Abdel Monem later became the chairman of the board of the government-controlled al Ahram Foundation and was thus by definition part of the regime.  He was pushed out of that lofty position after the uprising, though he continues to have a column at the daily newspaper, al Ahram.  Abdel Monem is a member of the widely detested felool—remnants—but he was and still is a very good strategic analyst.   Why the meditation on a meeting that happened four years ago?  You would never know it from the msm, twitter, or anywhere else, but Abdel Monem’s Sinai scenarios could become a reality soon.  On Wednesday, the IDF mobilized six reserve battalions (an additional 16 were authorized and will be mobilized, if necessary) as a precautionary measure given the potential for instability in the Syria and Egypt to affect Israeli security.

This issue has been simmering for since last summer, but it seems to be heating up now.  On April 24, the Israeli prime minister called the Sinai the “Wild West.”  Netanyahu was responding the bombing of the el Arish –Ashkelon pipeline—the fourteenth—but Israel’s concerns run deeper than a commercial deal that is now in jeopardy.  As I wrote last August, the Sinai is a haven for drug smuggling, human trafficking, gun running, and extremists of all types, ranging from Egyptiantakfiris and Palestinian jihadists to al Qaeda sympathizers.  The obvious answer to the problem of security in the Sinai is to deploy more Egyptian forces in the area, a step that is subject to Israeli approval under the Camp David Accords and the Egypt-Israel peace treaty.  The Israelis have actually been forward leaning on the issue, giving the Supreme Council of the Armed Forces the green light for Operation Eagle last summer and Israel’s Defense Minister, Ehud Barak, signaled that Jerusalem might be willing to revisit the restrictions on Egyptian forces in the Sinai.

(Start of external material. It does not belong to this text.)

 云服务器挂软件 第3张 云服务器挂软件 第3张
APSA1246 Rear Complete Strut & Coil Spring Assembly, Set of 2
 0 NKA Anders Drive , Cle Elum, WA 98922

So if the problem is not necessarily the Israelis, what is it?  In a word, Egypt. The reason for Israel’s mobilization is not only because the IDF does not believe that the Egyptian armed forces are up to the task of cleaning up the mess in the Sinai, but the Egyptian military happens to share that view.  By all measures, Operation Eagle failed and the Egyptians have no capacity to plan and execute a sustained military effort in the Sinai that would improve the security environment there.  As a result, Israeli leaders have clearly determined that if the next rocket to land on Eilat kills someone, they are going to have to deal with the problem themselves.  The Israelis have every right to defend themselves, but an Israeli attack on Egypt soil would not end well for anyone.  I guarantee it.

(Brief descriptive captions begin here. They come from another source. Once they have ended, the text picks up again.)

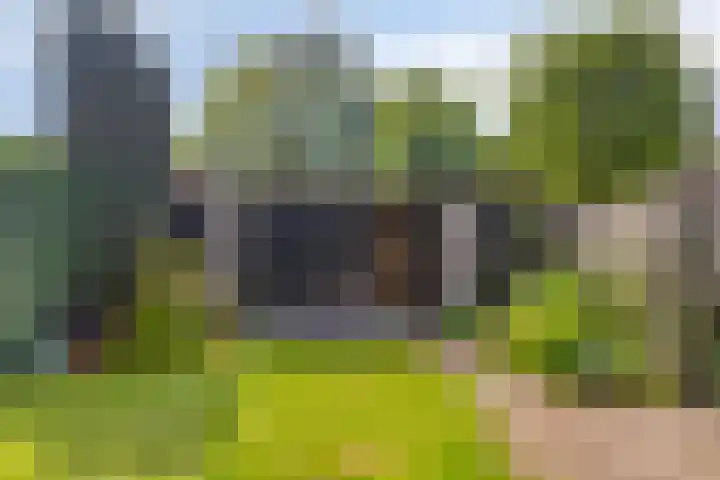 Oude Grintweg 24 Oirschot thumbnail 34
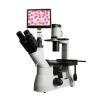 Varnishing BM-37XCP Tablet Inverted Biological Microscope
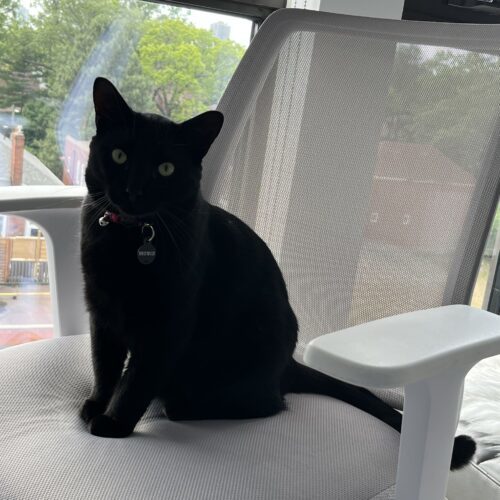 Meowzart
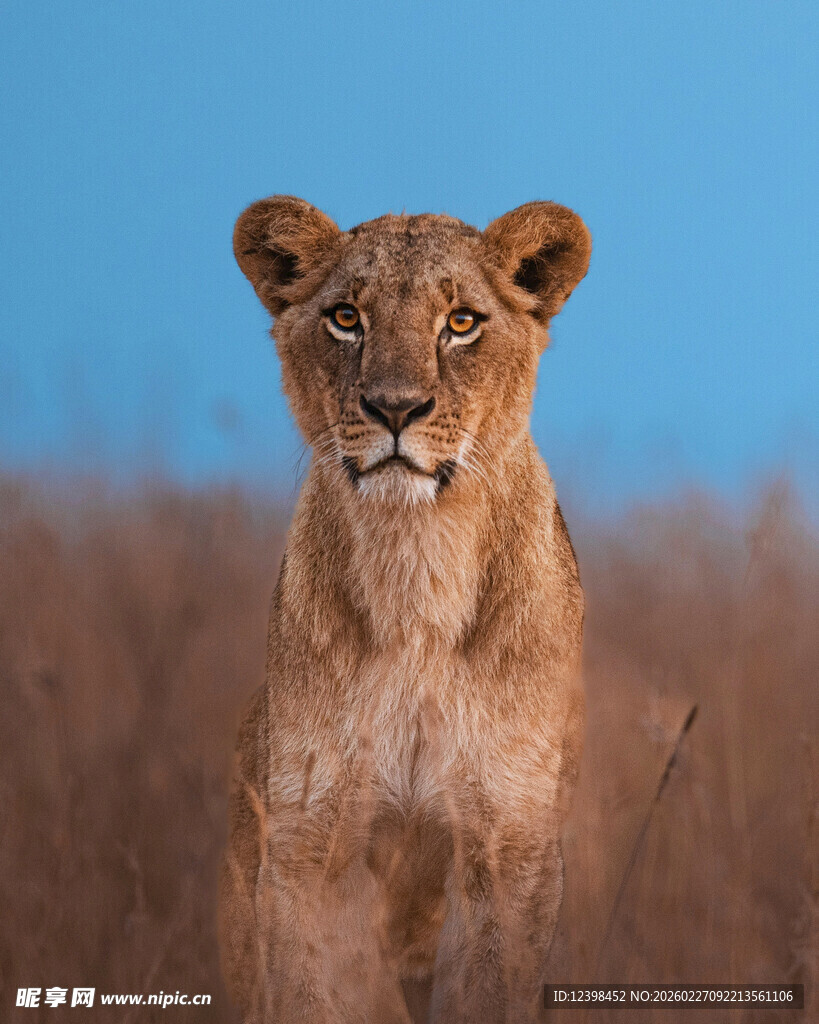 草原上的小狮子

For I don’t know how many months, I have been counseling policymakers to take a “less is more” approach to post-Mubarak Egypt. The Sinai is the one area where the opposite is the case.  The peace treaty is a pillar of U.S. policy in the Middle East and as a result, it is incumbent upon Washington to do everything it can to mitigate anything that could result in violence between Egypt and Israel. What’s needed now is a full-court diplomatic press.  To start, the Multinational Force Observers (MFO) contingent in the Sinai need to be bolstered politically and Washington should grant it a higher profile in coordinating between Israelis and Egyptians even if the IDF and the Egyptian armed forces already enjoy pretty good military-to-military relations. The MFO, a contingent of 1,656 personnel from 12 different countries, is there to observe the peace treaty and ensure that no one violates its terms.  (As an aside, I am glad that no one listened to Donald Rumsfeld in 2002 when he proposed withdrawing U.S. support and personnel from the MFO in the Sinai.  Of course, he didn’t know that Mubarak would fall and the durability of the Egypt-Israel peace treaty would be thrown into question.)

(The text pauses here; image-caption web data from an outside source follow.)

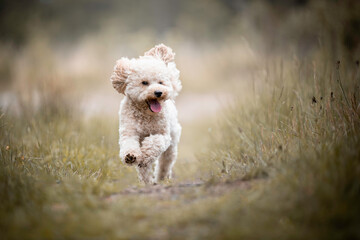 Small Poodle running around in the grass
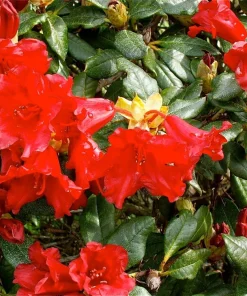 Rhododendron Baden-Baden Live Plant – Bright Red Flowers – 1 Gallon Shrub - Image 4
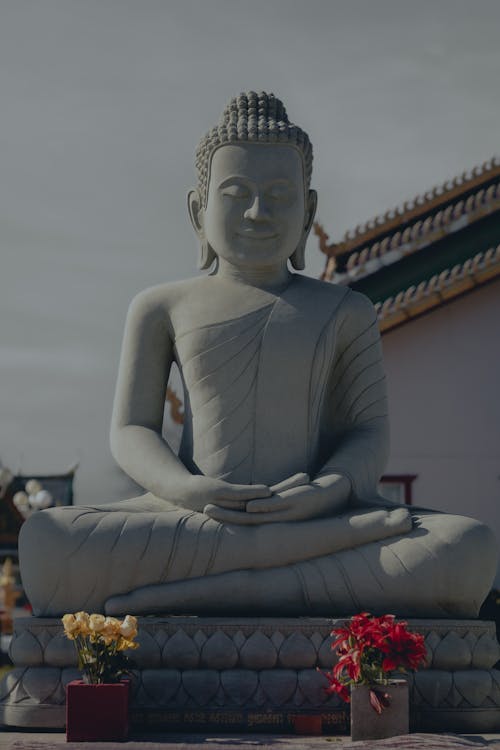 Potted Flowers In Front of the Buddha Statue 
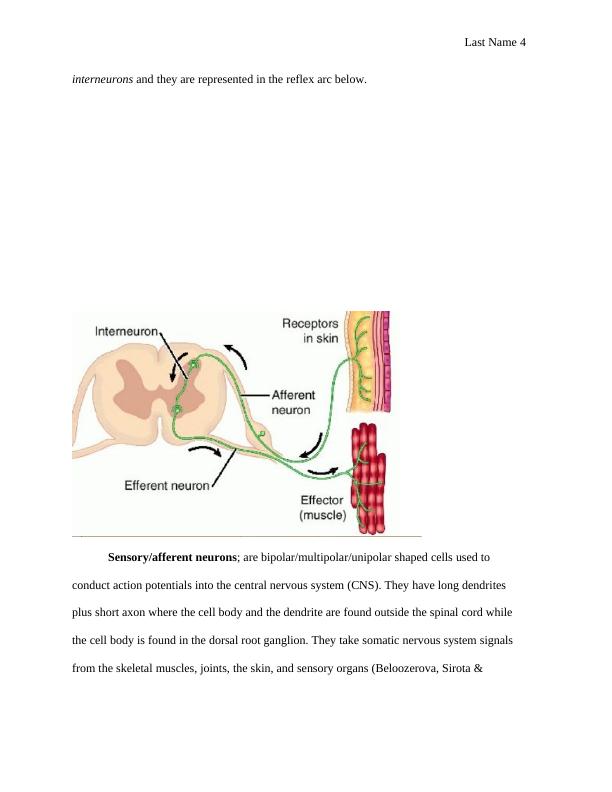 Human Nervous System & Endocrine System Assignment PDF_4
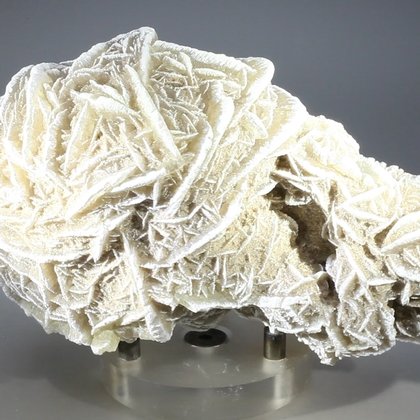 Desert Rose ~11.5cm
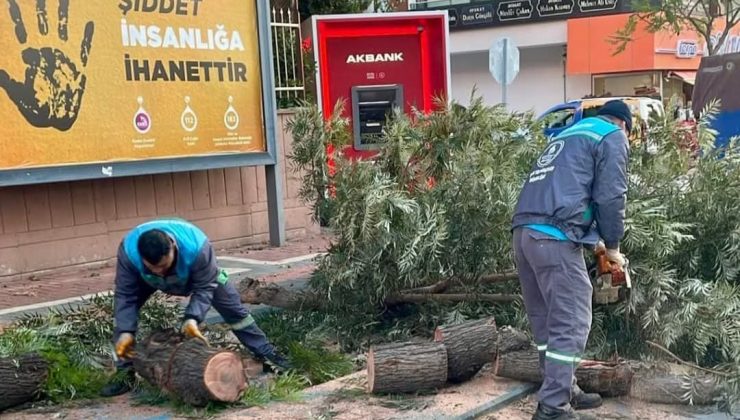 Alanya Belediyesi Afet İşleri 7/24 SAHADA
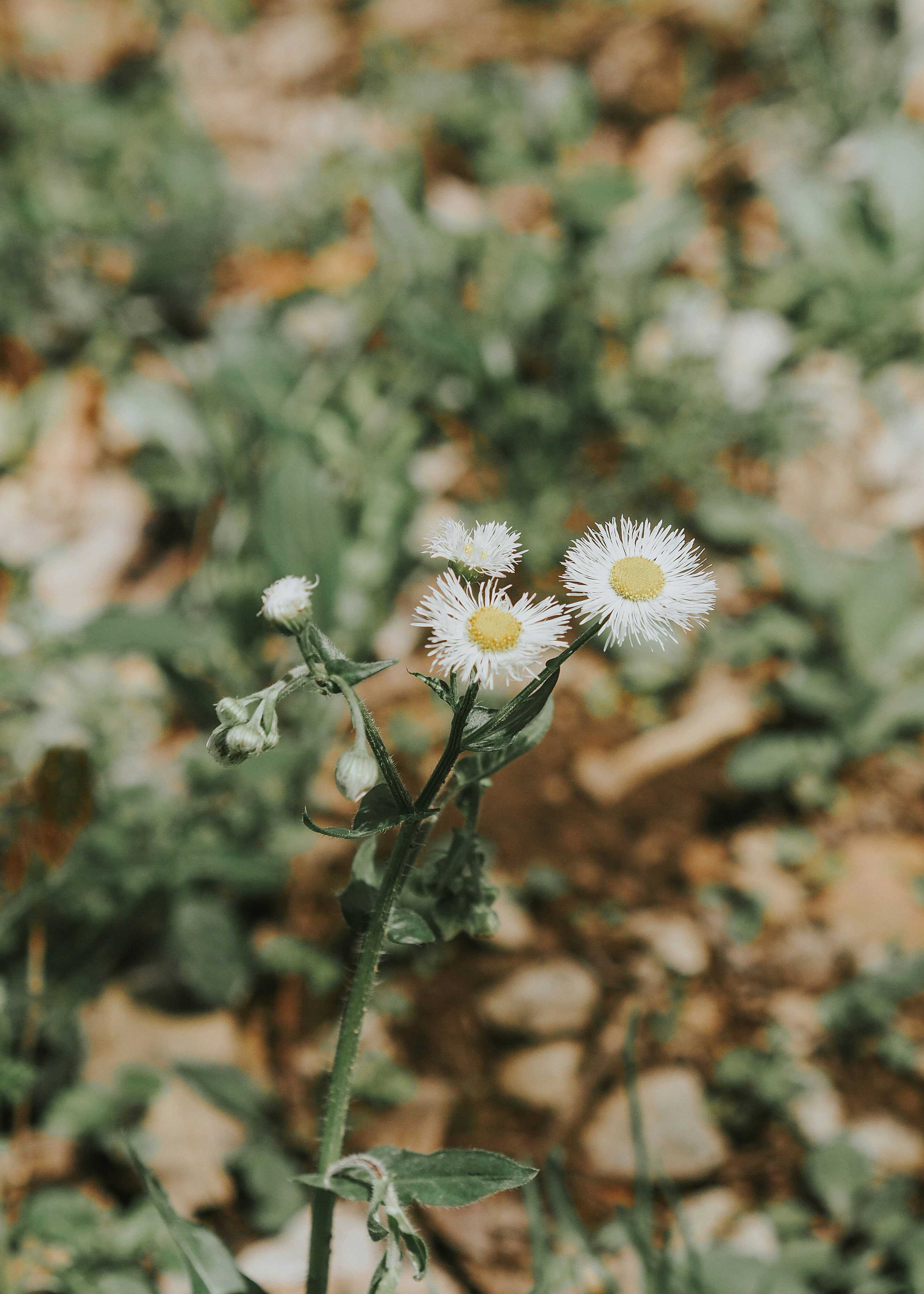 Photo by fieldworkframes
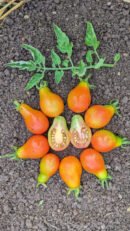 Red pear Tomato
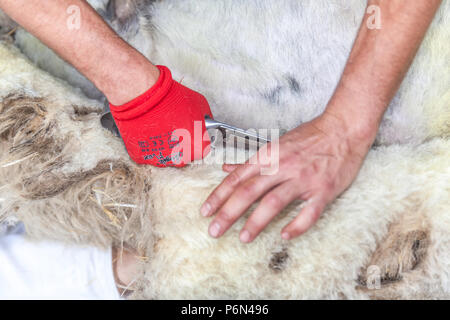 Tonte de moutons à La Orotava Tenerife island (village) Banque D'Images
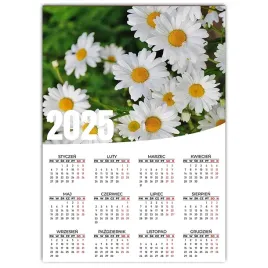 kalendarz-plakatowy-na-sciane-scienny-50x70-na-prezent-flower-stokrotki-wz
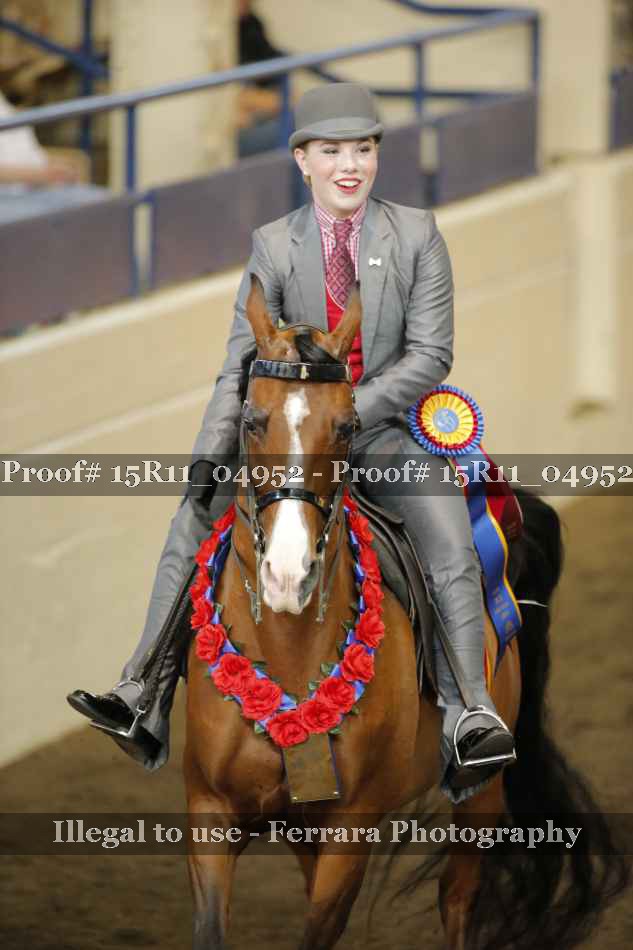 Proof Number 15R11_04952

Next, the United States should actually engage in some Sinai-related contingency planning.  I understand there are some pro forma scenarios floating around, but no serious “what if” planning.  I know the gears of the U.S. government are not all that well-greased, but it is time to get on it, as they say.  Third, the President needs to send some trusted additional advisors with good Egypt-Israel credentials out to Cairo and Jerusalem for some extended hand holding.  Ambassadors Anne Patterson (Cairo) and Dan Shapiro (Tel Aviv) are extraordinarily talented and by all measures they handled last August’s violence along the Egypt-Israel border with the kind of professional cool you want.  It would, however, signal the seriousness with which the United States takes this situation if the president dispatched some envoys to bolster his ambassadors.  There is clearly mistrust between the United States and Israel, but that does not mean Washington cannot work with the Israelis on something as critically important as Sinai security and the maintenance of the peace treaty.  Remember, George H. W. Bush and Yitzhak Shamir could barely be in the same room with each other, but the United States was able to convince the Israelis of the strategic benefit of holding their fire in the face of Saddam Hussein’s Scud attacks in March 1991.  Finally, the United States needs to get down to business and help Egypt clean up the Sinai.  The Egyptians may be resistant and slow to alter their war fighting doctrine, but it’s in their long-terms interests to stabilize the Sinai.

If the United States does not wake up to the danger that the Sinai poses and the Israelis are forced to respond to a terrorist attack from the Sinai, the Egypt-Israel peace treaty is over.

 

Sinai In Between Egypt and Israel

Posted September 1, 2011

Yesterday brought news that the Israeli navy was deploying two warships to an area near the Egyptian border in the Red Sea, citing concern over potential terror attacks on Israel from the area and Iranian naval maneuvers.  It is not clear what the warships would do against terrorists, unless they were being positioned as a platform for special operations forces.  The Israeli deployment likely has to do with the Iranians, but it speaks more broadly to the complexities of Egypt-Israel relations against the backdrop of Egypt’s evolving political environment.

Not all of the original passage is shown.